_Your goal_: Your answer must be the lines of the material below, exactly as written, from its first line through the line with "上海考生！来看看文都考研价格表", and no pictures.

________________________

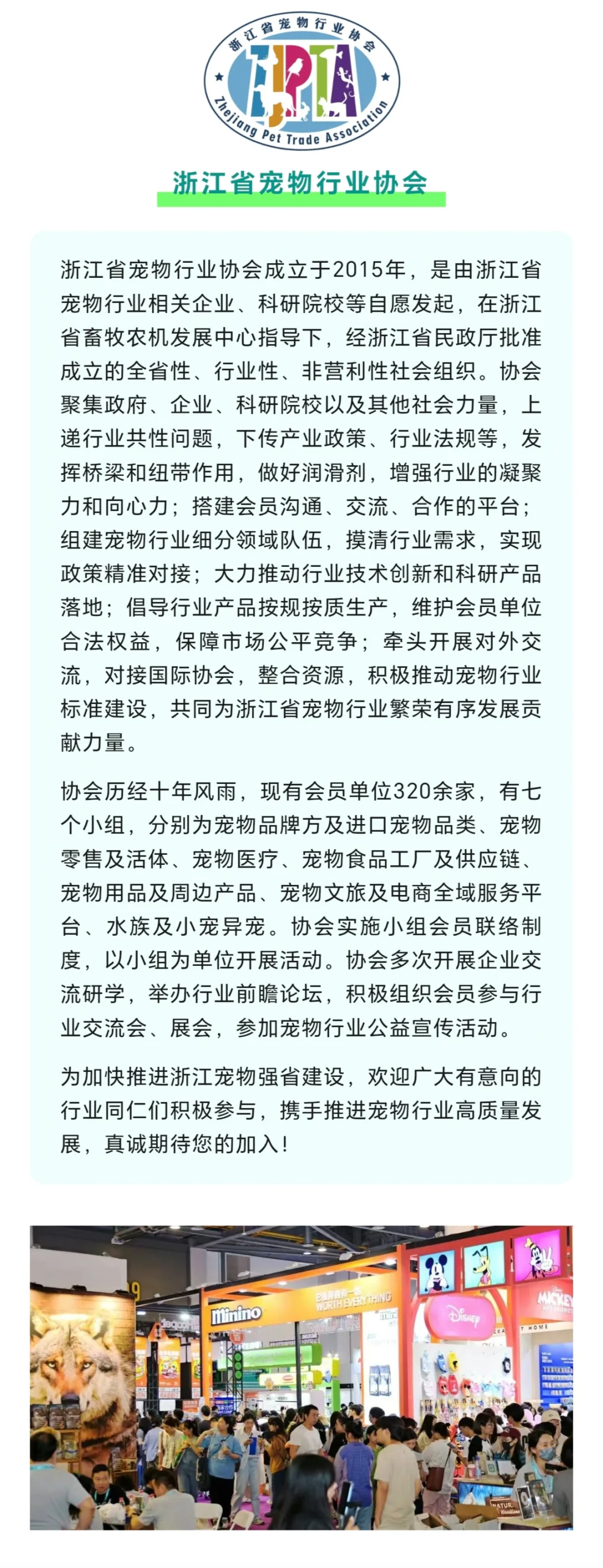 华东杭州国际宠物展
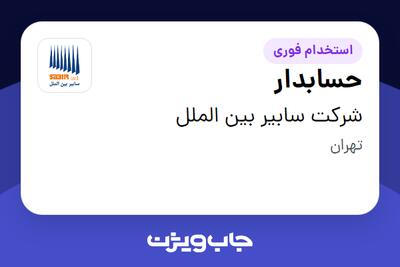 استخدام حسابدار - خانم در شرکت سابیر بین الملل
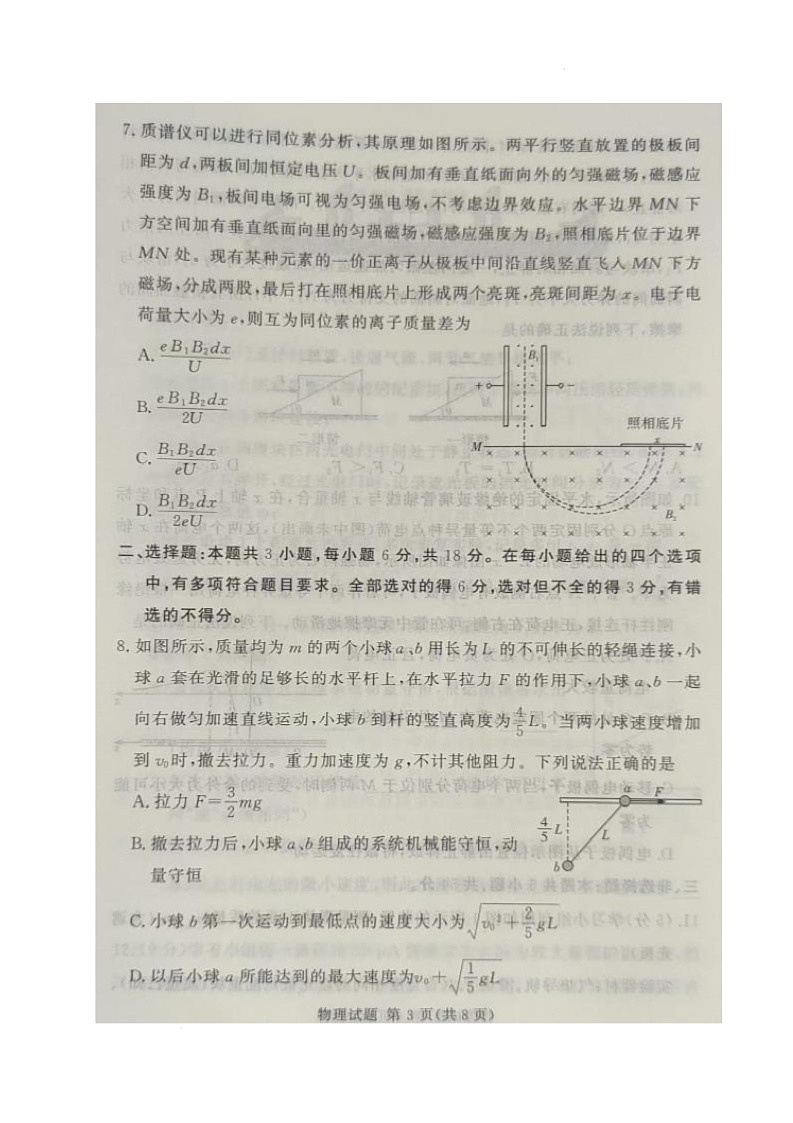 物理第3页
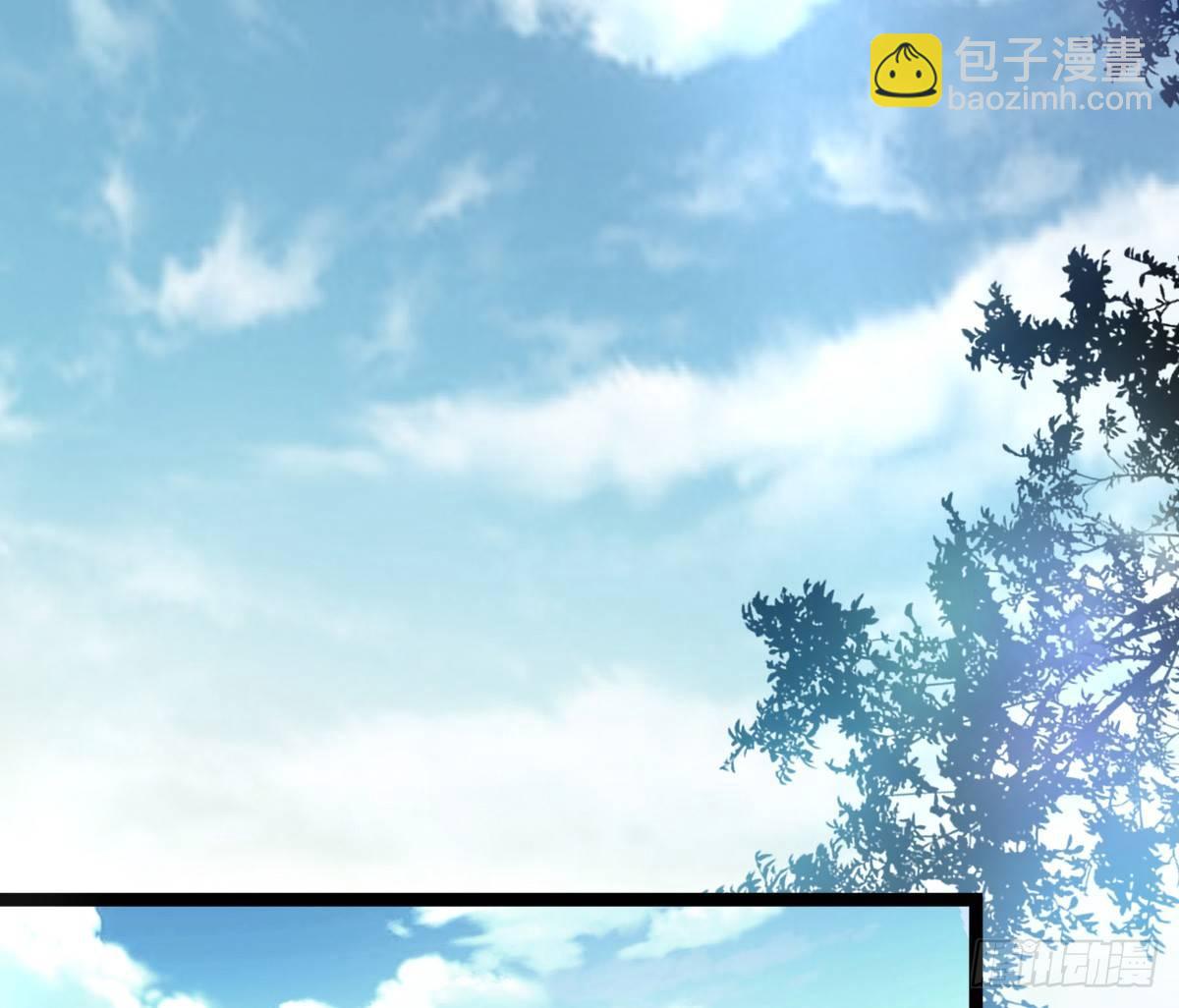 你的节操等于钱吗(1/2)-第11话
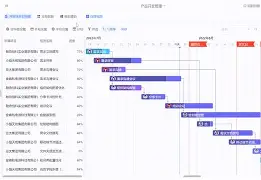 山东男篮今日消息今天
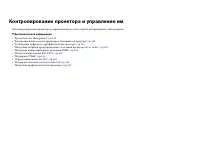 Страница 147
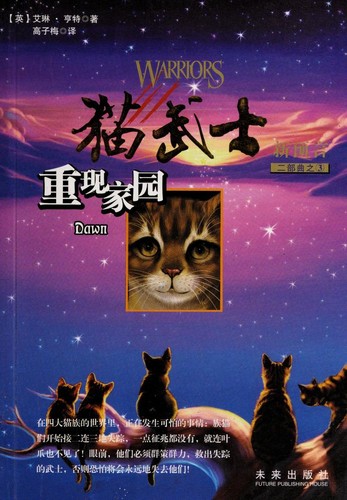 Erin Hunter: Chong xian jia yuan = (Chinese language, 2009, Wei lai chu ban she)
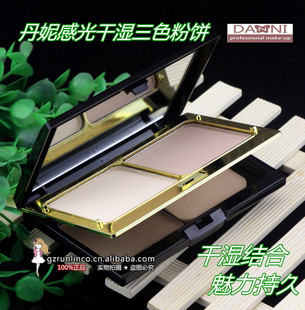 DANNI���ݸй�ɝ���ɫ���20g�ʊy���y����������� ���R�ͷۓ�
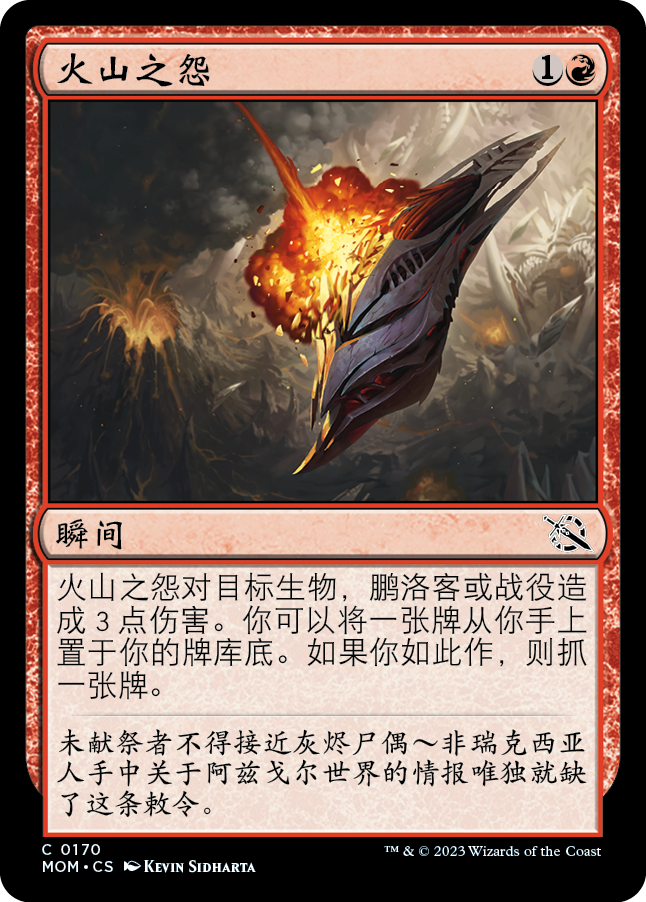 【北境卡牌】万智牌 MTG 邪军压...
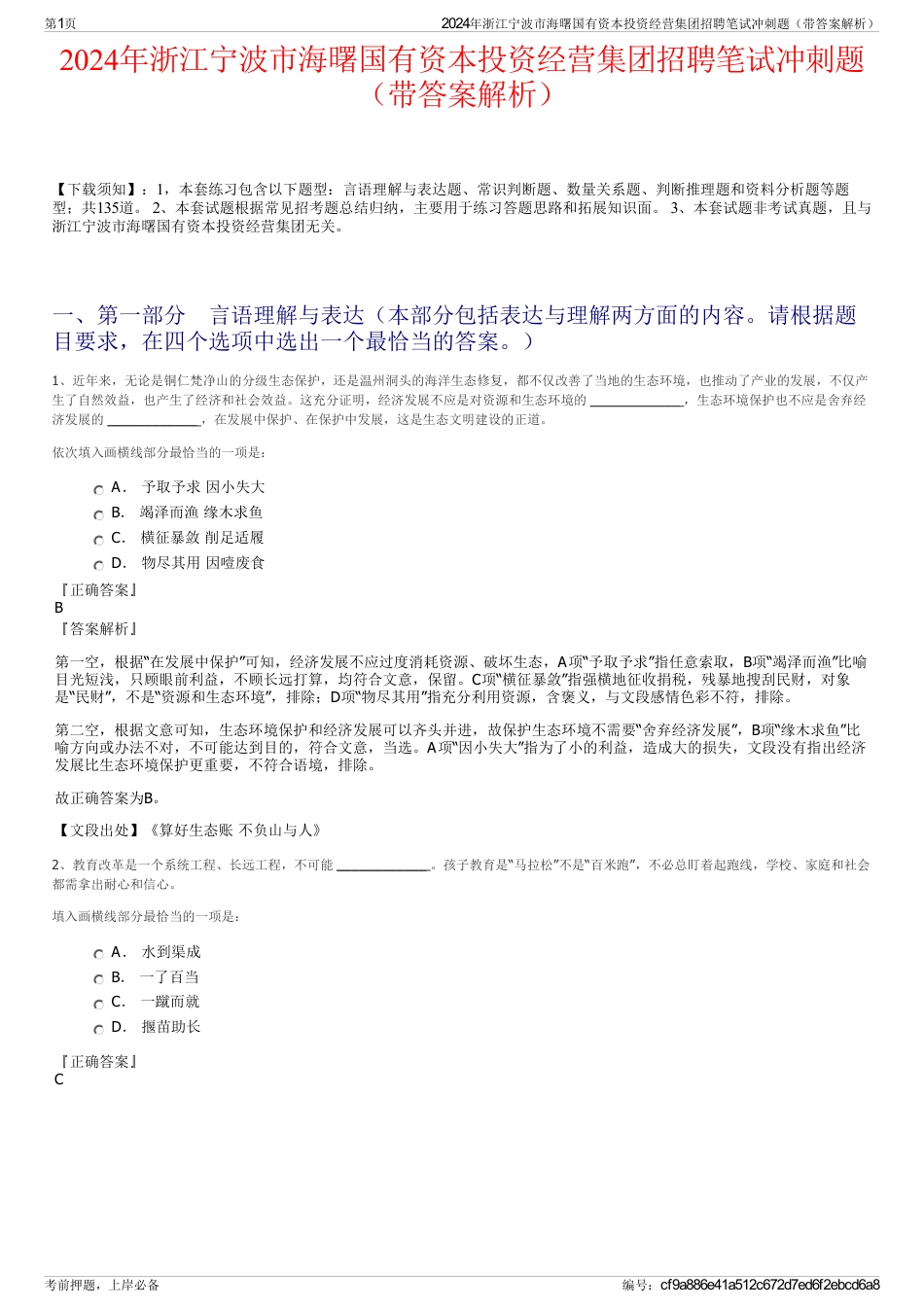 2024年浙江宁波市海曙国有资本投资经营集团招聘笔试冲刺题（带答案解析）_第1页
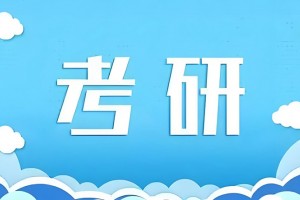 上海考生！来看看文都考研价格表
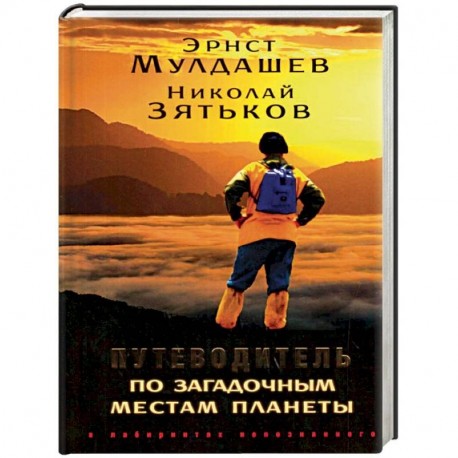 Путеводитель по загадочным местам планеты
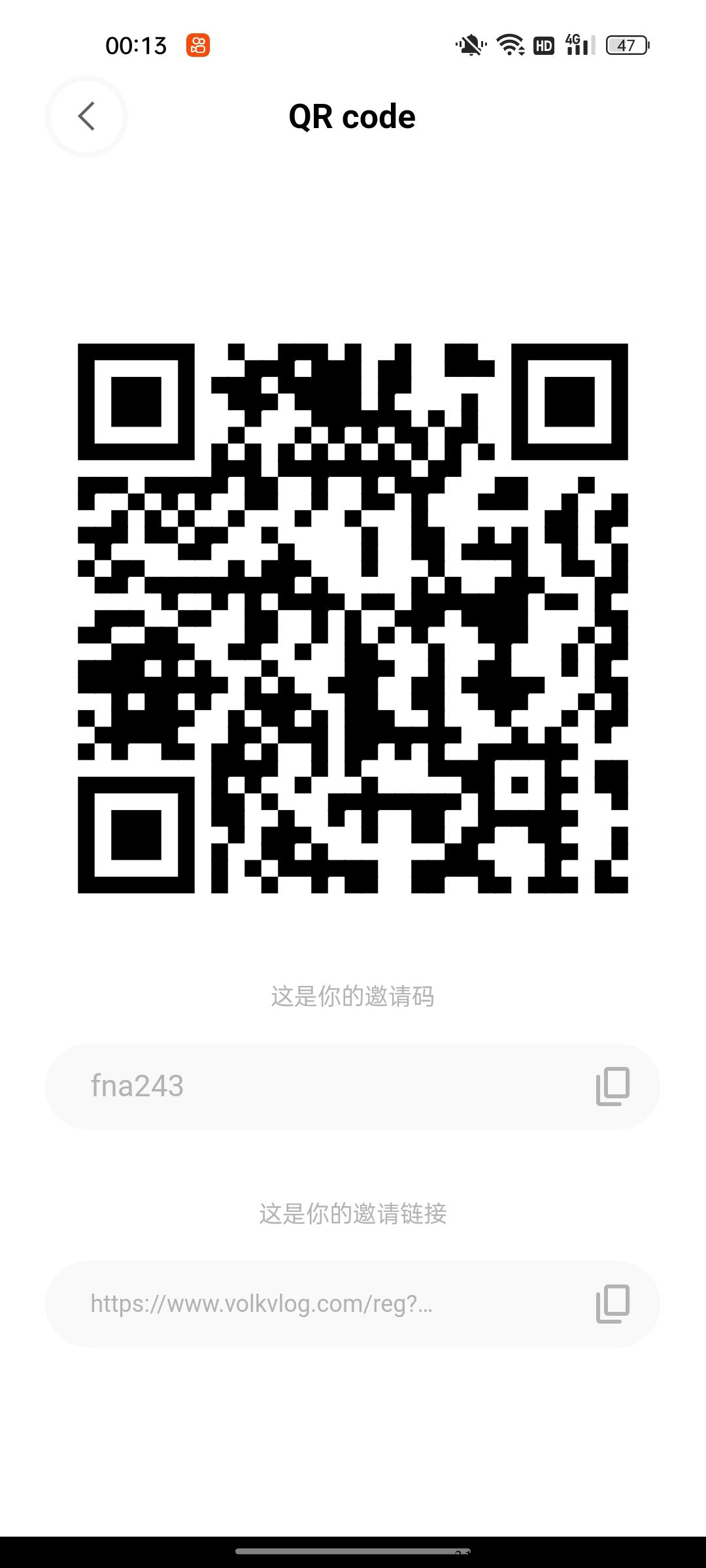 沃克短视频，火爆上线，抢占先机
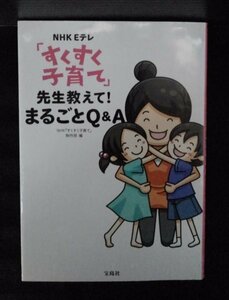 [04024]NHK Eテレ「すくすく子育て」先生教えて! まるごとQ&A テレビ番組 親子向け しつけ 育児 食事 発育 発達 ストレス 子育て 不安 病気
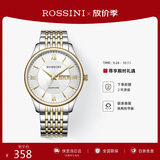 罗西尼（ROSSINI）手表男款 生日礼物简约商务石英表双历白盘钢带618573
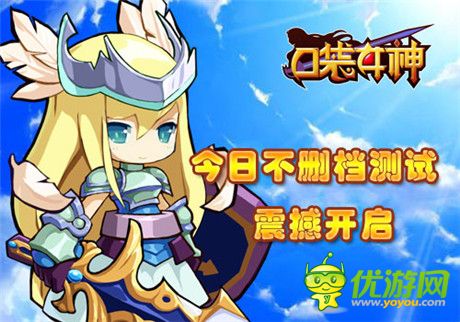 51wan《口袋女神》安卓越狱不删档测试震撼来袭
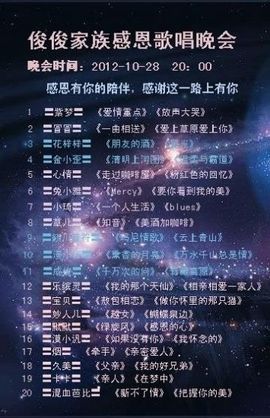❤中俄混血芭比❤主播照片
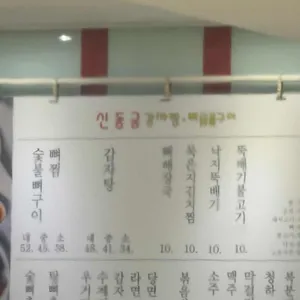 신동궁 감자탕 리뷰 사진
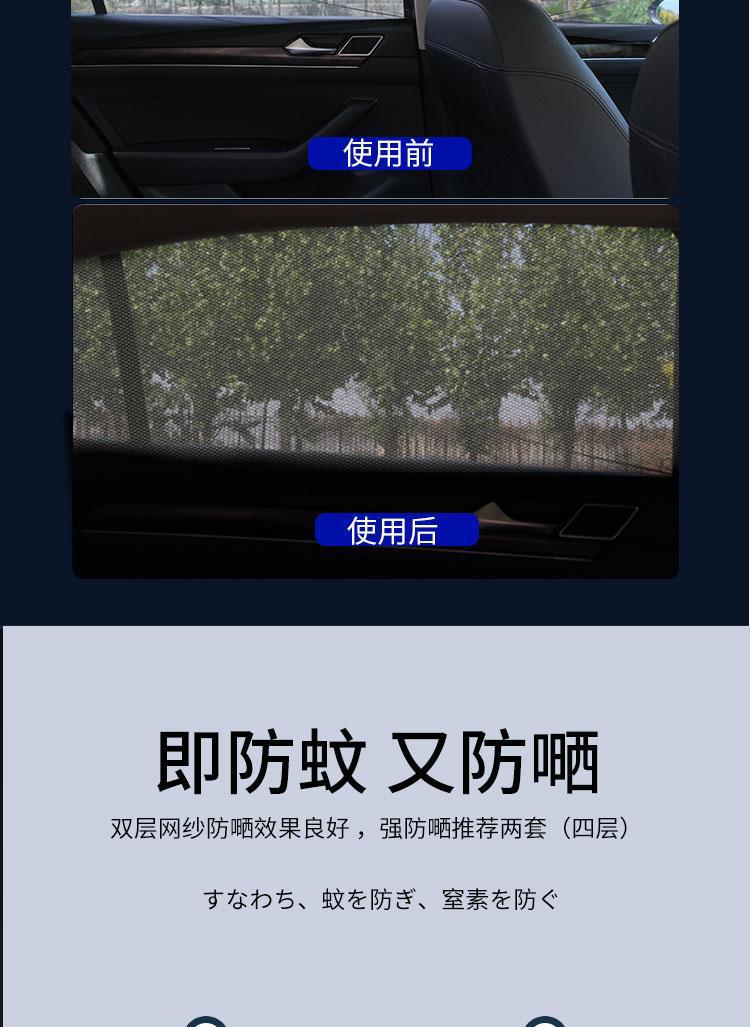 Summer New Model Car Mosquito Net, Universal for All Vehicles, Car Window Mosquito-Proof Sunshade Net, Breathable Insect-Proof for Car Use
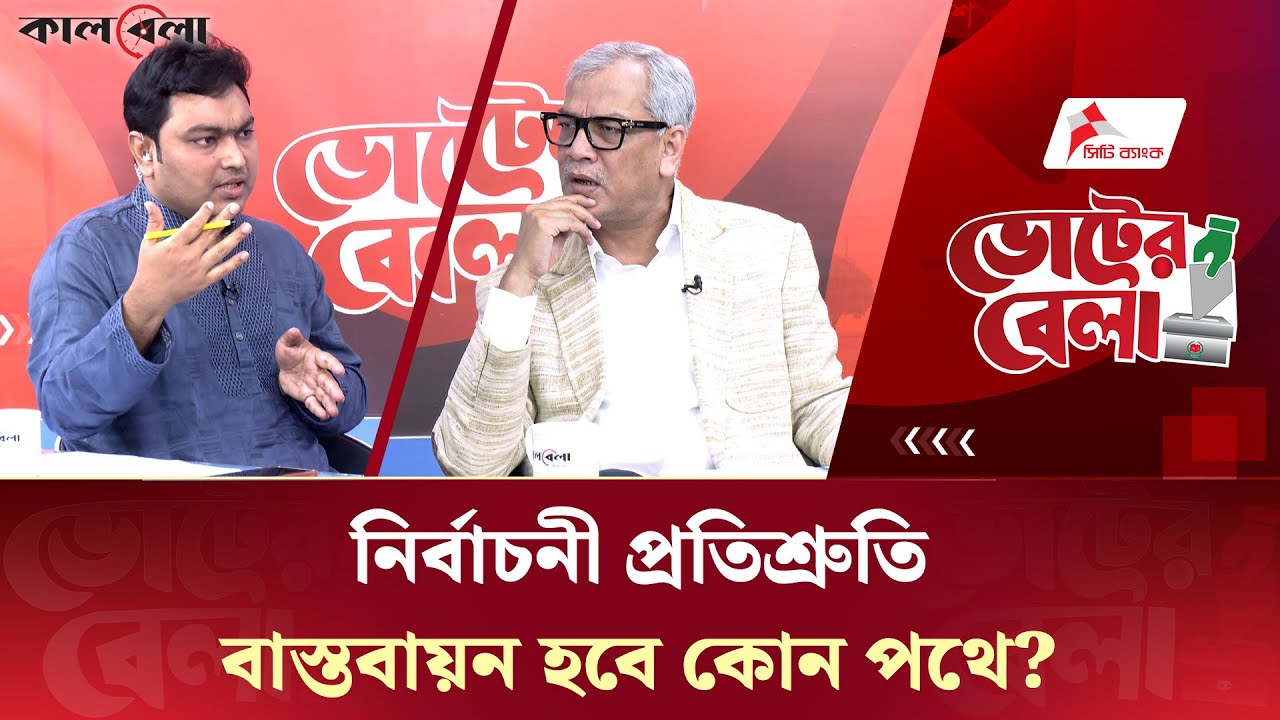 Live: নির্বাচনী প্রতিশ্রুতি বাস্তবায়ন হবে কোন পথে? | Voter Bela | Talk Show | Episode 18 | Kalbela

________________________

_Answer to this task_:
 华东杭州国际宠物展
 استخدام حسابدار - خانم در شرکت سابیر بین الملل
 物理第3页
 你的节操等于钱吗(1/2)-第11话
 山东男篮今日消息今天
 Страница 147
 Erin Hunter: Chong xian jia yuan = (Chinese language, 2009, Wei lai chu ban she)
 DANNI���ݸй�ɝ���ɫ���20g�ʊy���y����������� ���R�ͷۓ�
 【北境卡牌】万智牌 MTG 邪军压...
 2024年浙江宁波市海曙国有资本投资经营集团招聘笔试冲刺题（带答案解析）_第1页
 上海考生！来看看文都考研价格表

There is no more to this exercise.